The difference between 1500 watts and 2700 watts might add up to a mere 2-3 dB SPL... IF the amps were used on the same woofers. As they are not, all bets are off. Some drivers are more sensitive than others, vented enclosures give more output around tune than a comparable sealed box would, etc. There are way too many variables to use watts as a metric for a sub's ability.

EQ'ing wont help make up for less power, it will demand more from the amp if you are using it to boost, kicking 20 Hz up 6 dB will be asking the amp to deliver 4 times more power at that frequency.

You already have plenty of woofage in your room, adding another sub is probably not going to help you attain the goal of satisfactory midbass.

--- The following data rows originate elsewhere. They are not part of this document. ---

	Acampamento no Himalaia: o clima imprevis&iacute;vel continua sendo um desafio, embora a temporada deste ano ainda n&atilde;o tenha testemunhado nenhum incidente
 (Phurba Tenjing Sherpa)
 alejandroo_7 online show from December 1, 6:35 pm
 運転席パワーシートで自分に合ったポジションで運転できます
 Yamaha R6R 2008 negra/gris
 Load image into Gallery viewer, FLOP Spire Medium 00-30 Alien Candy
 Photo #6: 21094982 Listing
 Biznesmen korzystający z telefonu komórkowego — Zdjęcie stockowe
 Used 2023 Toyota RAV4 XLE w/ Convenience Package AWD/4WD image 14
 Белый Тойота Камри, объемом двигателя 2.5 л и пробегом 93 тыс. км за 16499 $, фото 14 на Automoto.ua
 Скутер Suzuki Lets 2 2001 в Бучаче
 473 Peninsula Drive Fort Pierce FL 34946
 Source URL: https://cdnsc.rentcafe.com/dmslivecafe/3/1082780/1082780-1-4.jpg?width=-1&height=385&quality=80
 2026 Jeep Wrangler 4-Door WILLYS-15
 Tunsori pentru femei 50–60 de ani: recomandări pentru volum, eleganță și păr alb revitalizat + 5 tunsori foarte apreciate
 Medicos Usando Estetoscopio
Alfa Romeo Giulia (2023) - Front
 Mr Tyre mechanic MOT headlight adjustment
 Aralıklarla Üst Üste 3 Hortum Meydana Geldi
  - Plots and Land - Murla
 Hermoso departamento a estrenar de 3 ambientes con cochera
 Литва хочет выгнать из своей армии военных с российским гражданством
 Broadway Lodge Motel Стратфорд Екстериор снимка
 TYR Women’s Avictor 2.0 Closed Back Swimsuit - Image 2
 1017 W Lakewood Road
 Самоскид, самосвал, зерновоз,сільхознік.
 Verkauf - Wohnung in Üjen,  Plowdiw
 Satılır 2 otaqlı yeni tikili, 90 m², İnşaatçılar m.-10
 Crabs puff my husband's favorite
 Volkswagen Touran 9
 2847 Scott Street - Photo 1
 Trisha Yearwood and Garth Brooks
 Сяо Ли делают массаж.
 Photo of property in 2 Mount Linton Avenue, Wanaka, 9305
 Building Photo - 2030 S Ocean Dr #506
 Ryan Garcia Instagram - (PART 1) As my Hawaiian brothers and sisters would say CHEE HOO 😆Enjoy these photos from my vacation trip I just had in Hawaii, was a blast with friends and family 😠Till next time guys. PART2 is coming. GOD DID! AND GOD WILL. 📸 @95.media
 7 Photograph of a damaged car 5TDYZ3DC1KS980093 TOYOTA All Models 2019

A smaller sub will be drowned out by the bigger subs and won't be noticed, unless you turn the larger ones down, which is a waste.

I'd be willing to bet that moving the subs around and playing with crossover/distance/EQ settings will go a long ways towards listening satisfaction. Check out this article.

http://blog.acousticfrontiers.com/whats-new/2010/7/1/room-correction-a-primer.html


----------



## pietsch288 (Sep 10, 2006)

I agree with you on the difference between the 2 subwoofers (I found an open box definitive 6000 for 650.00 shipped with 1 yr warranty so I have to try one). I run the 18's and the ultras.... 10hz-22hz. I use the sms-1 to x-over the subs at 22hz with a 48db slope. I get fantastic room pressure with no sound, and I'm running my mains x-over at 120hz because there tight in the front corners (they sound the best xover higher), so I do have an area where the definitive or sunfire could be a nice addition (or at least I hope so). If my dreams don't come true, I'll just sell the sub for what I paid or take a small loss. If the definitive is really close maybe I'll sell it and get a sunfire or something, I've never tried a sealed sub with passive radiators so I'm hoping I like the sound. rich


----------